Pour commencer, la voix tremblante et les yeux des personnes rencontrées parlent plus que les exposés, l’émotion est totale, une peine mélangée à de la colère, une résilience et la souffrance d’avoir perdu des proches, des histoires, des vies.

Quelques chiffres :

— Le séisme, en raison de son épicentre proche de la surface de la Terre, a été d’une violence inouïe : une région équivalente à la surface de la Bulgarie a été touchée, et une surface équivalente à l’Autriche a été… détruite. Plus de 13 millions de personnes ont été impactées.

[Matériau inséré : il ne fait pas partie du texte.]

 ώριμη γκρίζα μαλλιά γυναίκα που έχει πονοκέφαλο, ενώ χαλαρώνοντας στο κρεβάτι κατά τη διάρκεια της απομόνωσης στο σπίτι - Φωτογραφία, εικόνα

Des milliers de répliques ont eu lieu depuis le 6 février, dépassant 5 sur l’échelle de Richter.

— Combien de personnes sont mortes ? Le décompte macabre est rendu compliqué par l’ampleur des dégâts. Les chiffres officiels parlent de 55 000 personnes tuées, mais les experts rencontrés évoquent la possibilité de 200 000 morts. Les ruines sont évacuées en vitesse, compliquant la possibilité d’un bilan précis et des familles entières ont été décimées sans permettre l’identification de leurs proches disparus.

— Par ailleurs, la région comprend une immense communauté d’exilés, majoritairement syriens, qui ne sont pas référencés et donc invisibles aux yeux des autorités turques. À côté de ça, sur les 4 millions de réfugiés, la moitié a été touchée par le séisme.

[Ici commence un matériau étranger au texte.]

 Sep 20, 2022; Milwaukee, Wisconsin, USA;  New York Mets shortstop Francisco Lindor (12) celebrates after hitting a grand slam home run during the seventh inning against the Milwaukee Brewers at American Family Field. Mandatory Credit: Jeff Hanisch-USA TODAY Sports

— 7 millions d’enfants sont touchés par ce séisme. Des milliers sont aujourd’hui orphelins.

— 1,5 million de personnes sont sans logement.

Quelques constats :

La gestion d’une catastrophe est un équilibre de résilience, prévention, intervention et reconstruction, entre efficacité, urgence, démocratie, personnes vulnérables exposées, etc. Malgré les constats un peu bruts ci-dessous, il faut reconnaître que la situation est extrêmement compliquée.

Tout d’abord, la catastrophe n’est que le début d’une longue crise. Toute une région est sinistrée, son tissu social, ses hôpitaux, ses écoles, son administration. Après le séisme, un exode de millions de personnes a débuté vers les grandes villes du pays. Ceux et celles qui sont restés sont les plus précarisé.es.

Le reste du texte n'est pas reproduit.